▸ REQUIRED WORK: Within the listing below, how many lines hold the string "Coat"? Only the number should be given.
+===+
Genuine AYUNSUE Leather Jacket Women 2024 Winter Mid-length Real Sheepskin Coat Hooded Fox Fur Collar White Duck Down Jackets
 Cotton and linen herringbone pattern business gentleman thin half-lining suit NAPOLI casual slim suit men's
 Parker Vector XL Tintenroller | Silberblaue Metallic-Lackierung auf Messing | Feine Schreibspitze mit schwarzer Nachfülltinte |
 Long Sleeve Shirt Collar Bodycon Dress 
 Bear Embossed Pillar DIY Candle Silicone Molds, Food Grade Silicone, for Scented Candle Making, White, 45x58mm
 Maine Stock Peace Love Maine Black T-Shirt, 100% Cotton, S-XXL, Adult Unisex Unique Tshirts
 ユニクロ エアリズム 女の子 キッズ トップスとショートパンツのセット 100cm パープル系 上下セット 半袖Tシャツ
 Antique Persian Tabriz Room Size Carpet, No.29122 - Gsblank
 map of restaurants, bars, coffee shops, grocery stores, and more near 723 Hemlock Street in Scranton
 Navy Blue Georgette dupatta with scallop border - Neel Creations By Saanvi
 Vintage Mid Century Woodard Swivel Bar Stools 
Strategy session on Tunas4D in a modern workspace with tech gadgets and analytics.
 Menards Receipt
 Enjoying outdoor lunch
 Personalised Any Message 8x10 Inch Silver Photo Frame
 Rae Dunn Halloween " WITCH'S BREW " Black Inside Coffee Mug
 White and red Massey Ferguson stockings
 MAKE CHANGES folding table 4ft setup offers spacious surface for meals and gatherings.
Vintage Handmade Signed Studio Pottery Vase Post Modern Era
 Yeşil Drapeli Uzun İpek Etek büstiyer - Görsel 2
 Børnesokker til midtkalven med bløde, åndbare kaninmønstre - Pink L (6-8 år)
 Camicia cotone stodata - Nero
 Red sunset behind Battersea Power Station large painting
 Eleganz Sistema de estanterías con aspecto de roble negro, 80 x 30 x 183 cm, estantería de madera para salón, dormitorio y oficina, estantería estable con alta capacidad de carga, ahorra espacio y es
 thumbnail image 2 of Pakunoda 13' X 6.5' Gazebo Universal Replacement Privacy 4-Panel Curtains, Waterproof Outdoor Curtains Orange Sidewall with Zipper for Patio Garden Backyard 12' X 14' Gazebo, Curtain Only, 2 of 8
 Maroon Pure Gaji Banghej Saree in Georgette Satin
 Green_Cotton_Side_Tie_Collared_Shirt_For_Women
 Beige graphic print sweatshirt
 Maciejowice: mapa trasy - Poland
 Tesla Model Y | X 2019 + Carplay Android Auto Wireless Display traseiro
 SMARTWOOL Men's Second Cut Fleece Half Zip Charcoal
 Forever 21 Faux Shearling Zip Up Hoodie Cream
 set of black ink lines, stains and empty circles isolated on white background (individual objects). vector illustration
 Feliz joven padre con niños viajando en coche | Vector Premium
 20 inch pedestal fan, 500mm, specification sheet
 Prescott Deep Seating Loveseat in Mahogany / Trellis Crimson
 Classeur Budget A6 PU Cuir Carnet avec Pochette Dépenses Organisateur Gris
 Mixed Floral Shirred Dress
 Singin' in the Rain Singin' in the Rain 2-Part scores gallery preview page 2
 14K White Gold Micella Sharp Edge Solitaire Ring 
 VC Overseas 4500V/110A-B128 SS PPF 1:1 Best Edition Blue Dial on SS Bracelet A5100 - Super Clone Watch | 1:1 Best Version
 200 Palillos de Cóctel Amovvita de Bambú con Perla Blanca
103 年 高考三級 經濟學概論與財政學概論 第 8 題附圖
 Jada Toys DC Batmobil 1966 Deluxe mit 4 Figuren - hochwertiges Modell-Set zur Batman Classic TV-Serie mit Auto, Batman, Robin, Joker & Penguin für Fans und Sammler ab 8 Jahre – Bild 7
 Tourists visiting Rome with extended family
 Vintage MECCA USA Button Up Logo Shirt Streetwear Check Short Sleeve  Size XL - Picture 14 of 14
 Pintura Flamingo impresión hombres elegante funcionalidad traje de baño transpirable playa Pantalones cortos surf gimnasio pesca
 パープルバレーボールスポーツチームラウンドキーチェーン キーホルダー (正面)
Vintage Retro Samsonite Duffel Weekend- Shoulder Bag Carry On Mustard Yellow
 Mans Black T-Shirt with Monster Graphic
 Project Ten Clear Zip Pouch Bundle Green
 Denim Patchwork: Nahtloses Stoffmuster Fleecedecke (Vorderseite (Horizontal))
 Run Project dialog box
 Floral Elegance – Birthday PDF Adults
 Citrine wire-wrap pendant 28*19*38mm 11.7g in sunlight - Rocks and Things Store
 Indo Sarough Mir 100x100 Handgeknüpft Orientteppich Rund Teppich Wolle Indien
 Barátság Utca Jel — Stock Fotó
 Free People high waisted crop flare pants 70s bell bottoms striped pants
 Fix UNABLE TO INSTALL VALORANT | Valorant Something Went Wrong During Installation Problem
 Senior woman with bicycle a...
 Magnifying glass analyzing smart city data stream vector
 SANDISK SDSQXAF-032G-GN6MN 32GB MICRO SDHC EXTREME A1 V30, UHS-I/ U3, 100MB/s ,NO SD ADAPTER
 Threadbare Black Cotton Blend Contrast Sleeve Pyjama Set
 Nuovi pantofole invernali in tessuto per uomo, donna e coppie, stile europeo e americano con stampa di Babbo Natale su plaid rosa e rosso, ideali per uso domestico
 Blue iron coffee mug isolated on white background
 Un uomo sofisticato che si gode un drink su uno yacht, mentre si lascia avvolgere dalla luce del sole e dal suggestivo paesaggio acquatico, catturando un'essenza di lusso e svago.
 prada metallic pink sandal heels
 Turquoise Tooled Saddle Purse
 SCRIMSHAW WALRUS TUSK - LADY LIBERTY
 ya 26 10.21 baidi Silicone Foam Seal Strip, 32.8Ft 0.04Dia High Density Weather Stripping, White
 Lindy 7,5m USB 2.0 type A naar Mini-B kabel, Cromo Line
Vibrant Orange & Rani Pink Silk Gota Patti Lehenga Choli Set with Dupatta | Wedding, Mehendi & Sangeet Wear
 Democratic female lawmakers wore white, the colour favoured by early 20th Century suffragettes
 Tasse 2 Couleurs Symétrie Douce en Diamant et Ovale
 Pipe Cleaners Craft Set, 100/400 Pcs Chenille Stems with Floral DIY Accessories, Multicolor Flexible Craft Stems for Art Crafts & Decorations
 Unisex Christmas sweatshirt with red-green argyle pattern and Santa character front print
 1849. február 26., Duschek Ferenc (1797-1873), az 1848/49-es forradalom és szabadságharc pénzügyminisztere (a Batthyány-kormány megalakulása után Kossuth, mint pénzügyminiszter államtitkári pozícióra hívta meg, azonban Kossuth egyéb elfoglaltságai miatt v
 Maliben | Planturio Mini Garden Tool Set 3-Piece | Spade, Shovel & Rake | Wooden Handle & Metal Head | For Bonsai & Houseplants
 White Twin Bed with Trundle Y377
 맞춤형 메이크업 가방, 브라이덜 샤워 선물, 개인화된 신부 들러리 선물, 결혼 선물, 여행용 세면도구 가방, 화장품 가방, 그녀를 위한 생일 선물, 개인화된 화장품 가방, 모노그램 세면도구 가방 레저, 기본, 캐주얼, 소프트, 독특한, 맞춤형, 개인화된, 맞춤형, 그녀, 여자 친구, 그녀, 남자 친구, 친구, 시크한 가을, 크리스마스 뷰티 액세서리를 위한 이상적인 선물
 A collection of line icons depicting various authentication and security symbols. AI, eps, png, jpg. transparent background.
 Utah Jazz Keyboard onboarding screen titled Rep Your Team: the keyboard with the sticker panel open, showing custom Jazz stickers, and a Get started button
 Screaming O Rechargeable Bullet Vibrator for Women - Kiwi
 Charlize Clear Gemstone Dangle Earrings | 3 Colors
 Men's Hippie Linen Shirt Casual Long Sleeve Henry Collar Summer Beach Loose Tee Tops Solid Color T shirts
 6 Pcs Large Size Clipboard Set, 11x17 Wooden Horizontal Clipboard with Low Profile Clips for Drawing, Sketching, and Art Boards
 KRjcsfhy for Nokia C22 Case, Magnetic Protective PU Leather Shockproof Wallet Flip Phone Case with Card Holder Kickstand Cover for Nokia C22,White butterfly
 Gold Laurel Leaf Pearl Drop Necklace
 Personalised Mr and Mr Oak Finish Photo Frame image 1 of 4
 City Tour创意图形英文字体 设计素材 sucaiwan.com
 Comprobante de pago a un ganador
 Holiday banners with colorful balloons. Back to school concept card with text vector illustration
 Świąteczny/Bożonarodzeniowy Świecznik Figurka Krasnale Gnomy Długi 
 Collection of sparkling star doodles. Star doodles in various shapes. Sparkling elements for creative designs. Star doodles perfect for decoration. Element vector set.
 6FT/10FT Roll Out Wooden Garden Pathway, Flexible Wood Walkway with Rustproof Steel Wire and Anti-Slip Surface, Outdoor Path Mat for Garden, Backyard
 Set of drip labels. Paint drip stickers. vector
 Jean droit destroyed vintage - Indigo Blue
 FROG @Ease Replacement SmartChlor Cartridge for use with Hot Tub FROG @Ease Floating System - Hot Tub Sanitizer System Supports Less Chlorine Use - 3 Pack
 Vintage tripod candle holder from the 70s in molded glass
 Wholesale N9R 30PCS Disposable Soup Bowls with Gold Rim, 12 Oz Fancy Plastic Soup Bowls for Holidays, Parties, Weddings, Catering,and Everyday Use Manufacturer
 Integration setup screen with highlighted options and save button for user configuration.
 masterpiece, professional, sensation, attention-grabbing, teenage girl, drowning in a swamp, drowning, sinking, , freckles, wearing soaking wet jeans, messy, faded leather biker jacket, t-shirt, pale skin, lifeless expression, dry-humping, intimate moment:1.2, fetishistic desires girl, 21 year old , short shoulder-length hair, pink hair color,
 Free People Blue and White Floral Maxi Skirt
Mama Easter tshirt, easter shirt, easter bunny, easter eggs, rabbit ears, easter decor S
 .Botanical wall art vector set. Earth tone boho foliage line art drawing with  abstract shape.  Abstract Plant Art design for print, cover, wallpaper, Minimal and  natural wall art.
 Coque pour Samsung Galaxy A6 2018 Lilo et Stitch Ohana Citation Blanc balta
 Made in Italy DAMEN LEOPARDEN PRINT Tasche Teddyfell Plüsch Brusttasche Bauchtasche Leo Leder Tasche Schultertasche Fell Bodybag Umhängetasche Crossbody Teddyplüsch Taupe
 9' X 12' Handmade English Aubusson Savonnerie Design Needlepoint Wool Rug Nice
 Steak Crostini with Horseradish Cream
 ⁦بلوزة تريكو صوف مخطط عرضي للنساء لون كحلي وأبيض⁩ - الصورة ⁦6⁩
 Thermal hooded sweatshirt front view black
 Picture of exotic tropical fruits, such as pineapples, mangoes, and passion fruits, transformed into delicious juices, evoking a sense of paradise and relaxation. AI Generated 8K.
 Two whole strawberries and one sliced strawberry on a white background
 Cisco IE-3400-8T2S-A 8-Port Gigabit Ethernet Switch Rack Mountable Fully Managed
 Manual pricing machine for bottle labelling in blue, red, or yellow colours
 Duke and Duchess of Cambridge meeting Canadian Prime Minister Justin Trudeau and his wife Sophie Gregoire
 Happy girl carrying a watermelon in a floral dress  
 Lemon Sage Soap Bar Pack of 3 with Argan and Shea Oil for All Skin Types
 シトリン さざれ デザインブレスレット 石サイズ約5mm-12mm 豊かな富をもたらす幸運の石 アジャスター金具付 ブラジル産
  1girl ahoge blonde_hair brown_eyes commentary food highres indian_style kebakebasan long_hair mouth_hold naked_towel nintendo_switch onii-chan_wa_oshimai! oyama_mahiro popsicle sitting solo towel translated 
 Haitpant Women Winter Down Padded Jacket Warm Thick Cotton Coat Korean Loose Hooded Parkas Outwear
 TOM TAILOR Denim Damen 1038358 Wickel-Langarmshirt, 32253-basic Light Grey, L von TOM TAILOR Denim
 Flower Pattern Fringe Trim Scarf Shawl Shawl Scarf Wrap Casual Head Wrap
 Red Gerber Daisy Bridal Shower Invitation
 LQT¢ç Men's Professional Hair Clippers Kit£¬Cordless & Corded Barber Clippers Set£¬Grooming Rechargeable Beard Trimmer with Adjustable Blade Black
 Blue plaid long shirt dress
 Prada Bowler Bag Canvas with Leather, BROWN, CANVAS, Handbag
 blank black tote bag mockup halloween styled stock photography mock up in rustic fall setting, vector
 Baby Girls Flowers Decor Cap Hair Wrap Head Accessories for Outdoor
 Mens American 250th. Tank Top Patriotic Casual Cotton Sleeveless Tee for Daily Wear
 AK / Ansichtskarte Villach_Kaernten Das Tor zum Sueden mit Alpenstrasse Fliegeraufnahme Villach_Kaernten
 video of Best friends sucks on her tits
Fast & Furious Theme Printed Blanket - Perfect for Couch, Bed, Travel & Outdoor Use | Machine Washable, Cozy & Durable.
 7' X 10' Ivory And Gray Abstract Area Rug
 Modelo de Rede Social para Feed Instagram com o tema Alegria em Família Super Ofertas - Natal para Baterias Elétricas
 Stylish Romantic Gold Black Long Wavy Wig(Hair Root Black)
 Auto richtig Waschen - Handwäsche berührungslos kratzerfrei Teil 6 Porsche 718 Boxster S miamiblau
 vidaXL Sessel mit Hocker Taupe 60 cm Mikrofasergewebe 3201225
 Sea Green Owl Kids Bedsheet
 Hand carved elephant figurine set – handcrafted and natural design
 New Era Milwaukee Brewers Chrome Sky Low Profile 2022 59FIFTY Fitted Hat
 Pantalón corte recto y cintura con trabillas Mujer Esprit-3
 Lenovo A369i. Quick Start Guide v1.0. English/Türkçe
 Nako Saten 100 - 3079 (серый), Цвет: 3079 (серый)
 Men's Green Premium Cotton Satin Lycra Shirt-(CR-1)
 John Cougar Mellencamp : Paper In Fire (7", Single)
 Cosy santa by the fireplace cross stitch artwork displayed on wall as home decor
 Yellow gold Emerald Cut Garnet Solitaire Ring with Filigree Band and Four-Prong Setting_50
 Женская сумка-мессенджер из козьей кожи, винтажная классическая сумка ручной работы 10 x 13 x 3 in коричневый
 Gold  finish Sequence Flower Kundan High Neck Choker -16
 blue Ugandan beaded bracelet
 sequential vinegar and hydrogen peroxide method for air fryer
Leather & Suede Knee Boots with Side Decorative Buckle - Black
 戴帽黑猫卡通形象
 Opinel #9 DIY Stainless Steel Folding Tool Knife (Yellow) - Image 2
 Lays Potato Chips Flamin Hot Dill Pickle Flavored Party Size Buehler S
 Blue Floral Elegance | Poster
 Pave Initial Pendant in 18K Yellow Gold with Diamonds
+===+
▸ FINISHED EXERCISE: 2